__WHAT YOU WILL DO__: What you return must be the data below, word for word, without any images.

[Short web captions]
————————

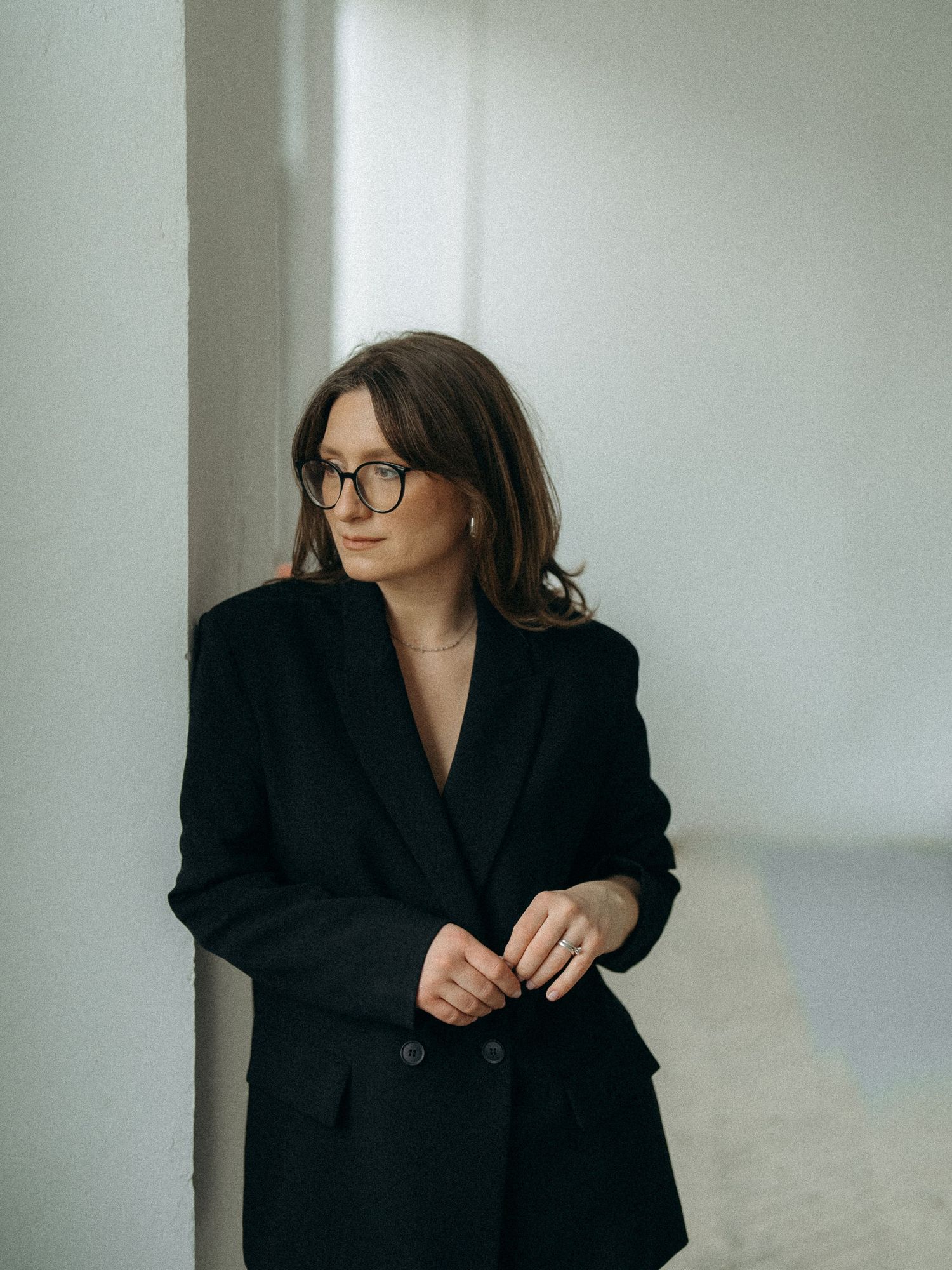 A person in a black blazer and glasses poses thoughtfully against a white wall in an artistic portrait series.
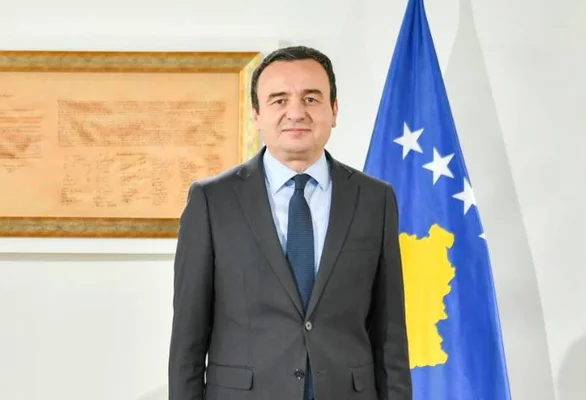 Homme en costume devant un drapeau du Kosovo avec étoiles blanches et carte jaune en arrière-plan.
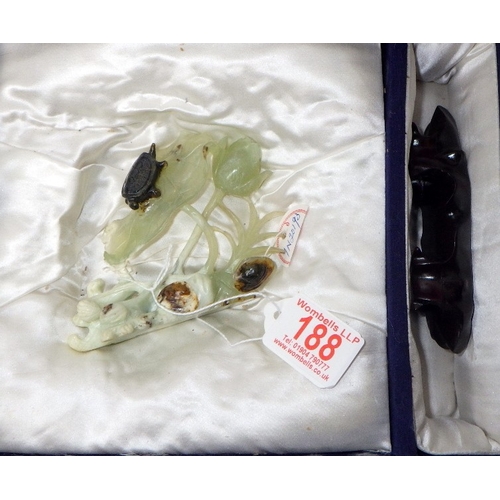 188 - A circa 1960s / 1970s Chinese jade carving depicting a turtle on foliage, presented on a wooden stan... 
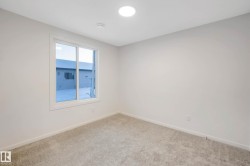 Recessed lighting, light-toned walls, and neutral carpet flooring - 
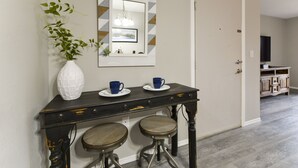 Um corredor com um console de madeira escura, dois banquinhos, um vaso branco com plantas verdes, um espelho com moldura geométrica e uma porta que dá para outro cômodo.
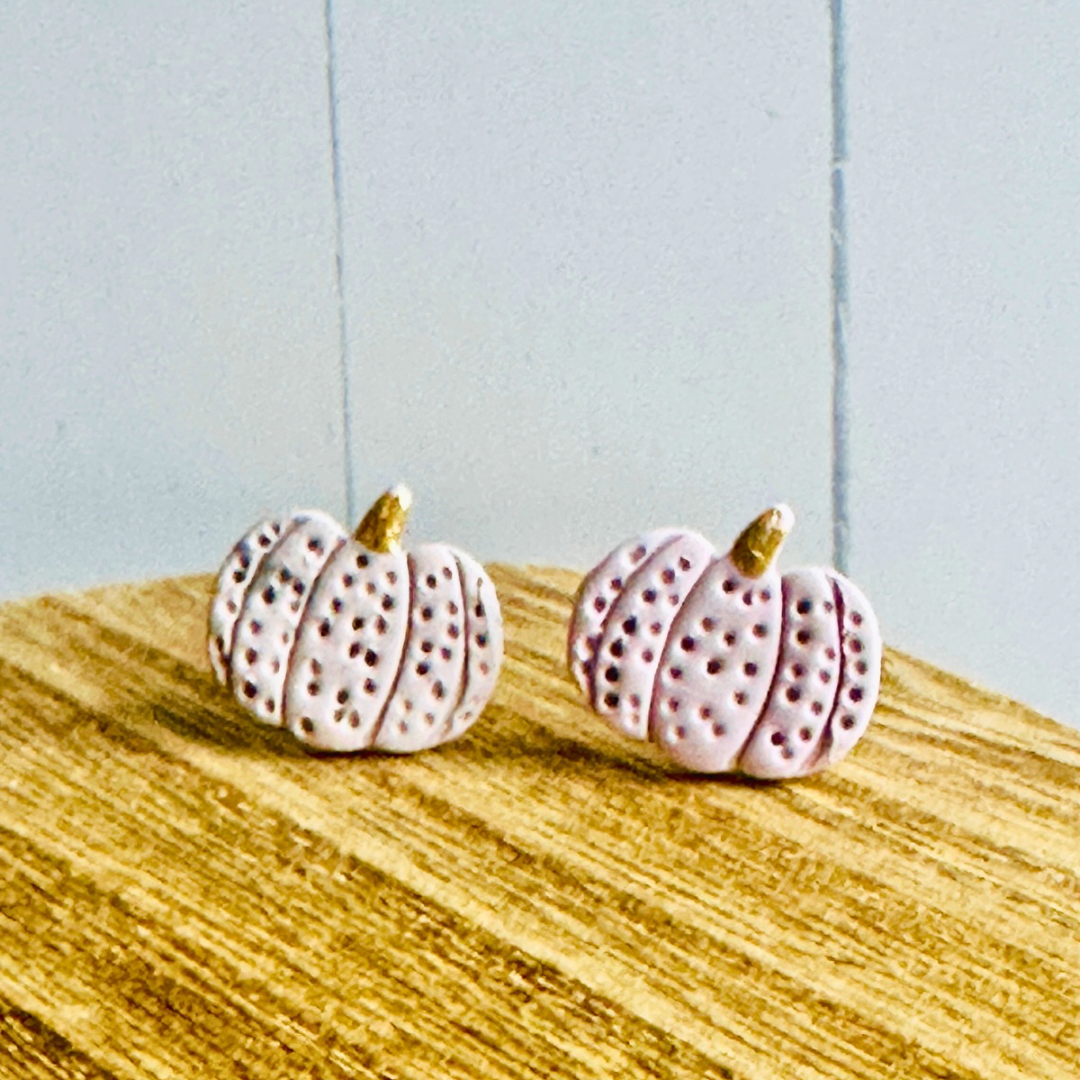 The purple pumpkin stud earrings sitting on a wooden table.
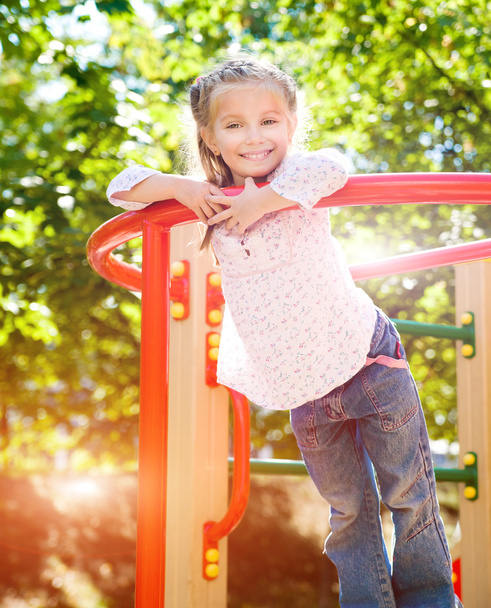 little girl on outdoor playground - Foto, Bild
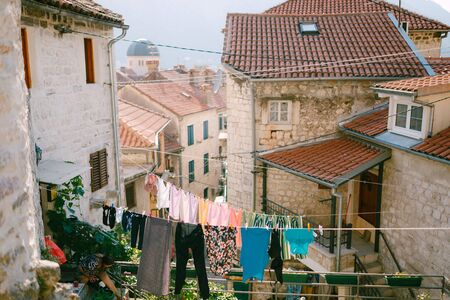 Clothes are dried on a rope, between buildings in the old town of Kotor, Montenegro.の写真素材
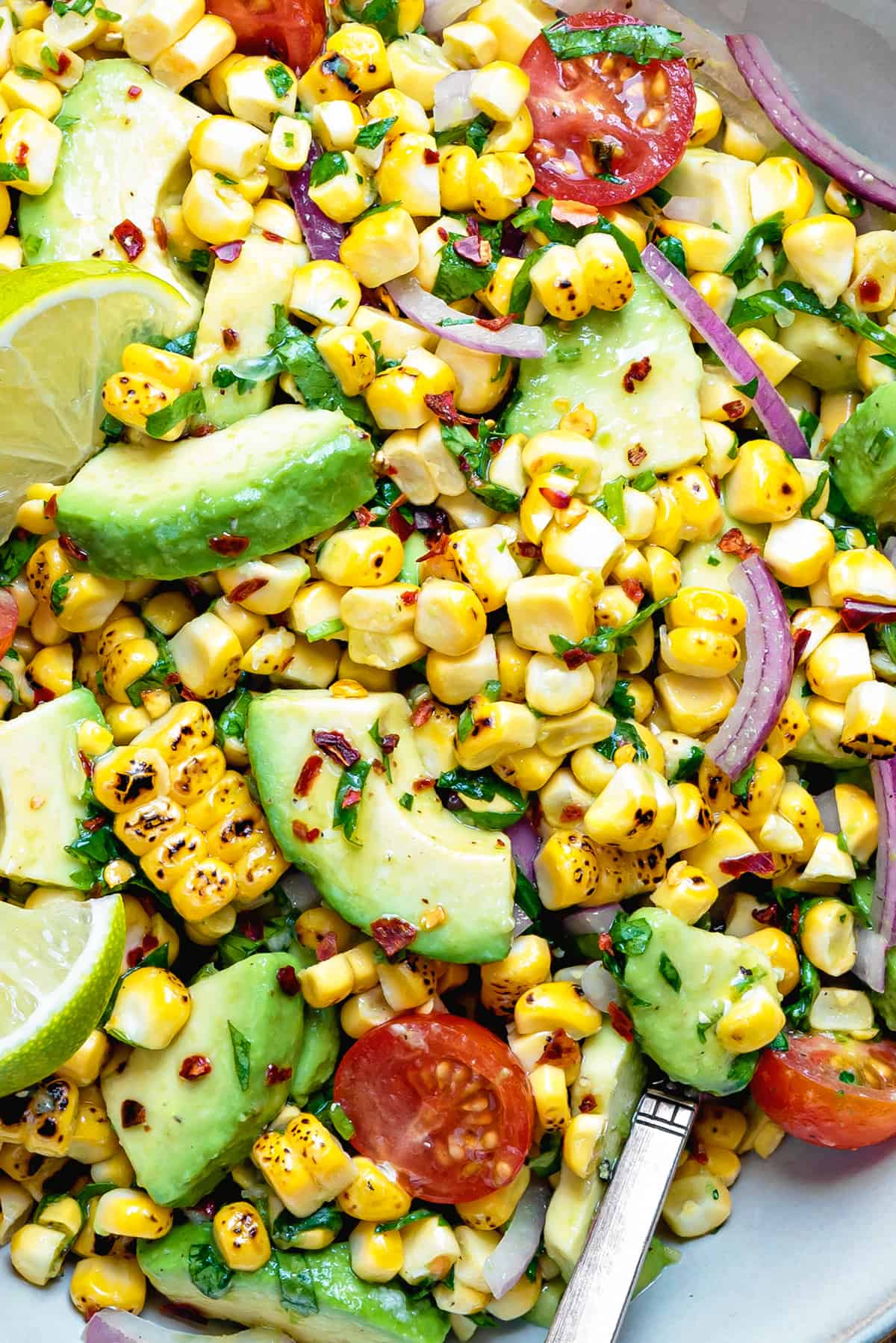 a close up shot of tomato avocado corn salad in bowl 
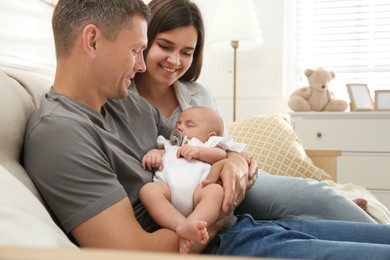 Photo of Happy couple holding their sleeping baby at home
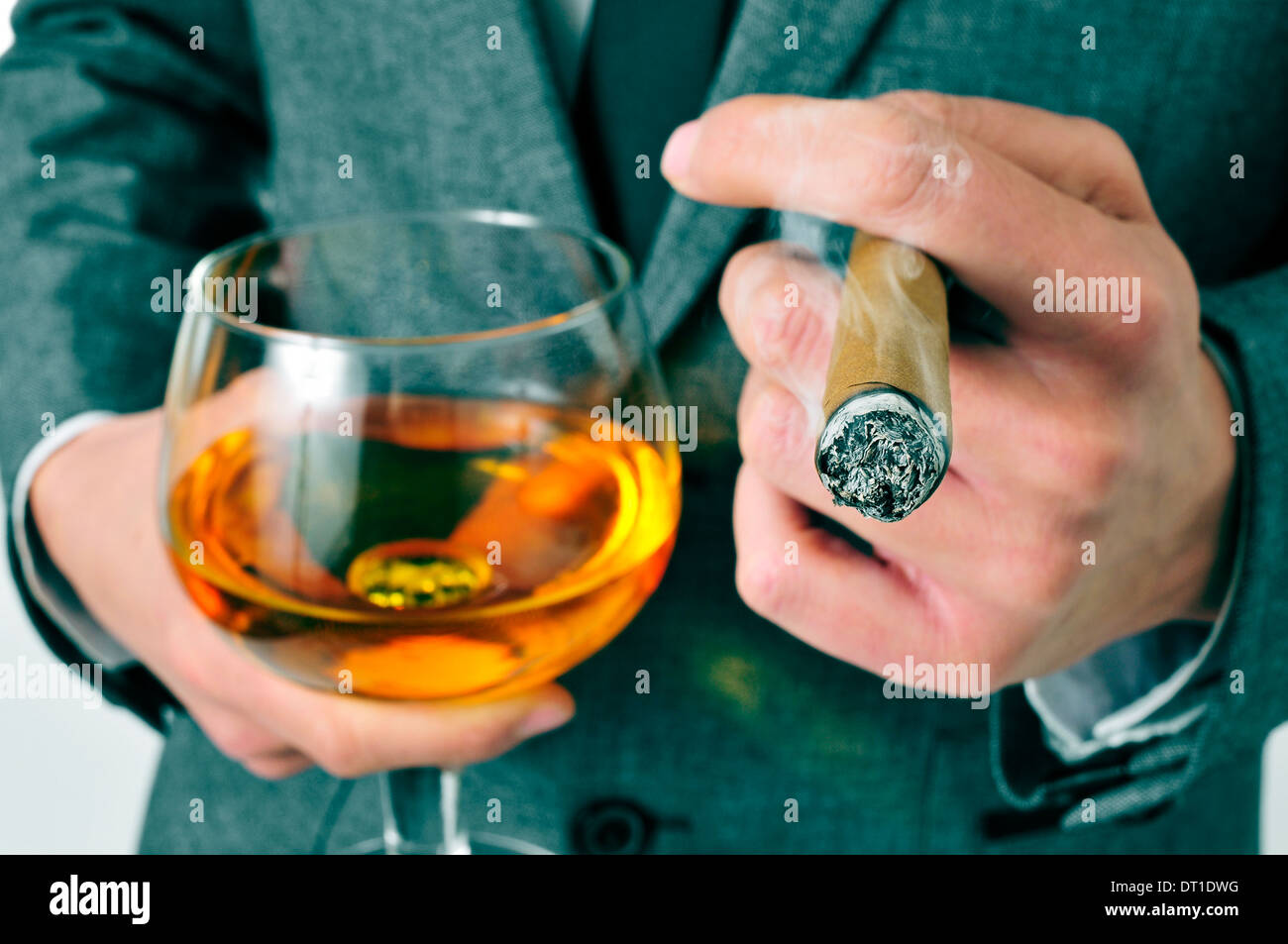 ein Mann trägt einen Anzug mit einer Zigarre und einem Glas Brandy Stockfoto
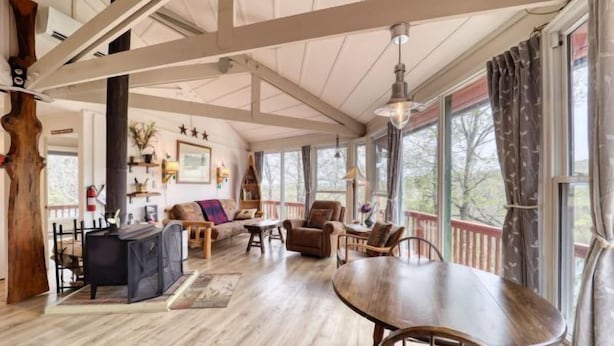 A spacious living room with a wooden dining table, comfortable seating, and large windows offering a view of the outdoors. - BW-7  Mountain Treehouse Authentic Roundhouse (Beech Mountain)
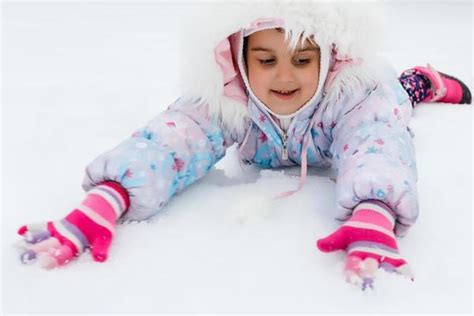 Kids Playing With Snow Stock Photos, Images and Backgrounds for Free ...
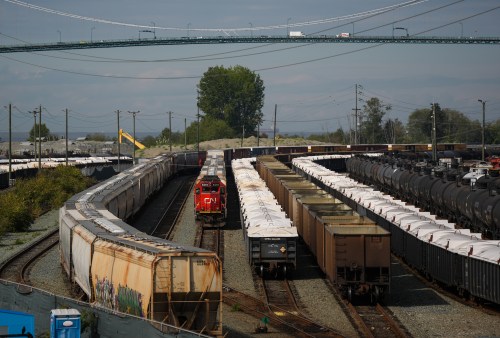 Rail cars and a locomotive are seen at CN Rail's McLean Yard near the Lions Gate Bridge, in North Vancouver, B.C., on Tuesday, Sept. 1, 2026. THE CANADIAN PRESS/Darryl Dyck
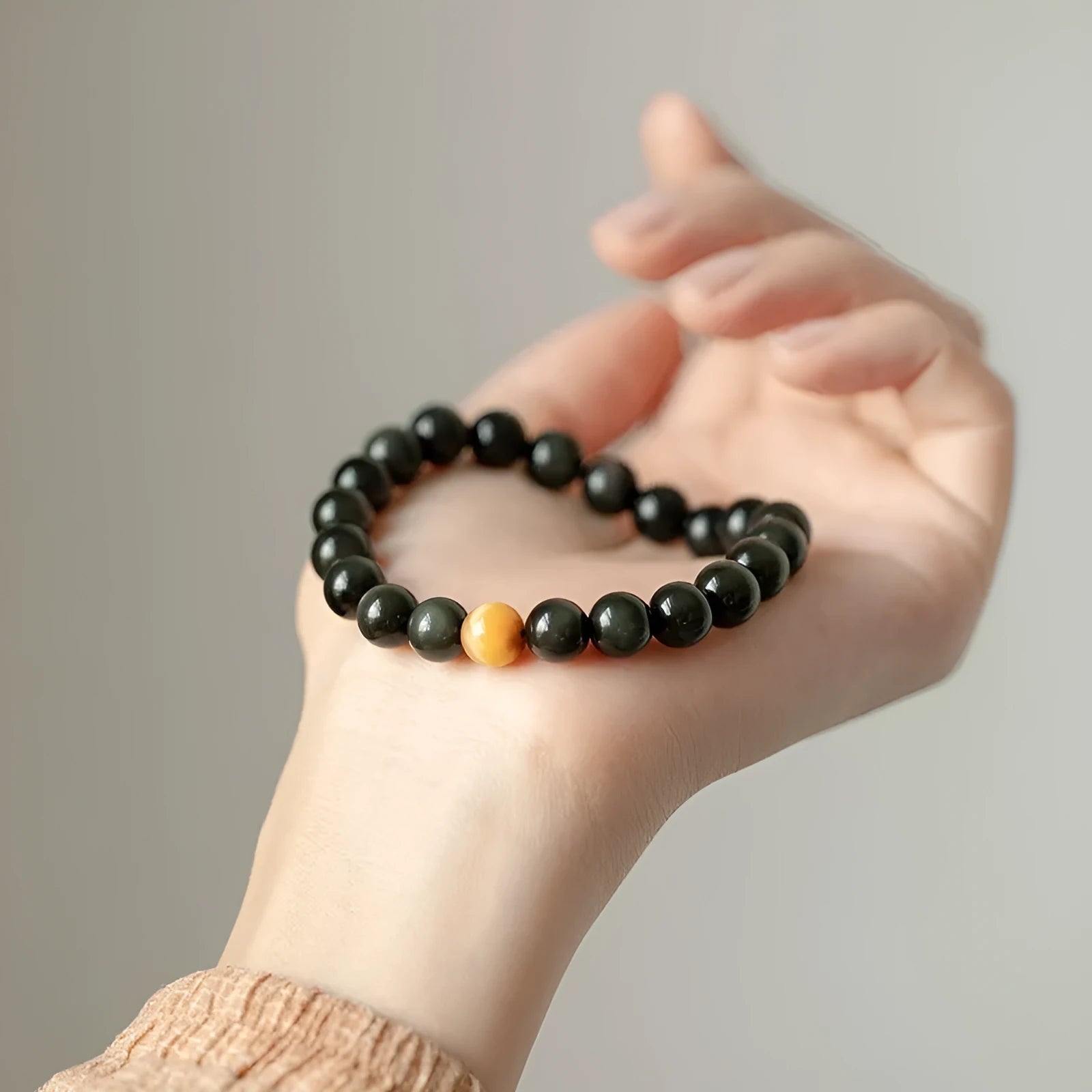 Natural black obsidian bracelet with geometric beads in 10mm size on neutral background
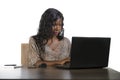 Happy black afro American business woman working cheerful with laptop computer by business district window desk in corporate Royalty Free Stock Photo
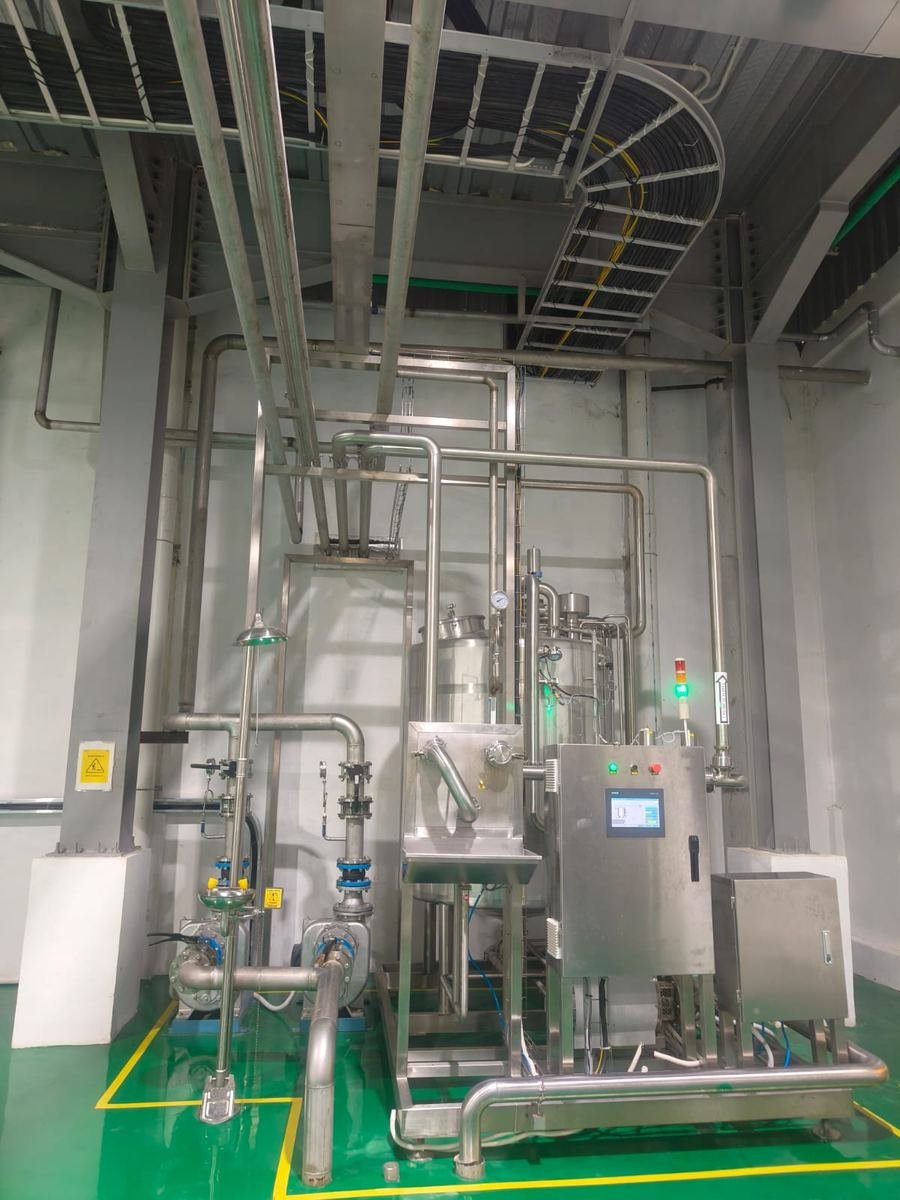 Instalasi piping stainless steel dan panel kontrol layar sentuh di ruang produksi berlantai epoksi hijau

————————

__SOLUTION TO THE PROBLEM__:
 A person in a black blazer and glasses poses thoughtfully against a white wall in an artistic portrait series.
 Homme en costume devant un drapeau du Kosovo avec étoiles blanches et carte jaune en arrière-plan.
 188 - A circa 1960s / 1970s Chinese jade carving depicting a turtle on foliage, presented on a wooden stan... 
 Recessed lighting, light-toned walls, and neutral carpet flooring - 
 Um corredor com um console de madeira escura, dois banquinhos, um vaso branco com plantas verdes, um espelho com moldura geométrica e uma porta que dá para outro cômodo.
 The purple pumpkin stud earrings sitting on a wooden table.
 little girl on outdoor playground - Foto, Bild
 Clothes are dried on a rope, between buildings in the old town of Kotor, Montenegro.の写真素材
 a close up shot of tomato avocado corn salad in bowl 
 Photo of Happy couple holding their sleeping baby at home
 ein Mann trägt einen Anzug mit einer Zigarre und einem Glas Brandy Stockfoto
 A spacious living room with a wooden dining table, comfortable seating, and large windows offering a view of the outdoors. - BW-7  Mountain Treehouse Authentic Roundhouse (Beech Mountain)
 Kids Playing With Snow Stock Photos, Images and Backgrounds for Free ...
 Rail cars and a locomotive are seen at CN Rail's McLean Yard near the Lions Gate Bridge, in North Vancouver, B.C., on Tuesday, Sept. 1, 2026. THE CANADIAN PRESS/Darryl Dyck
 Natural black obsidian bracelet with geometric beads in 10mm size on neutral background
 Happy black afro American business woman working cheerful with laptop computer by business district window desk in corporate Royalty Free Stock Photo
 Instalasi piping stainless steel dan panel kontrol layar sentuh di ruang produksi berlantai epoksi hijau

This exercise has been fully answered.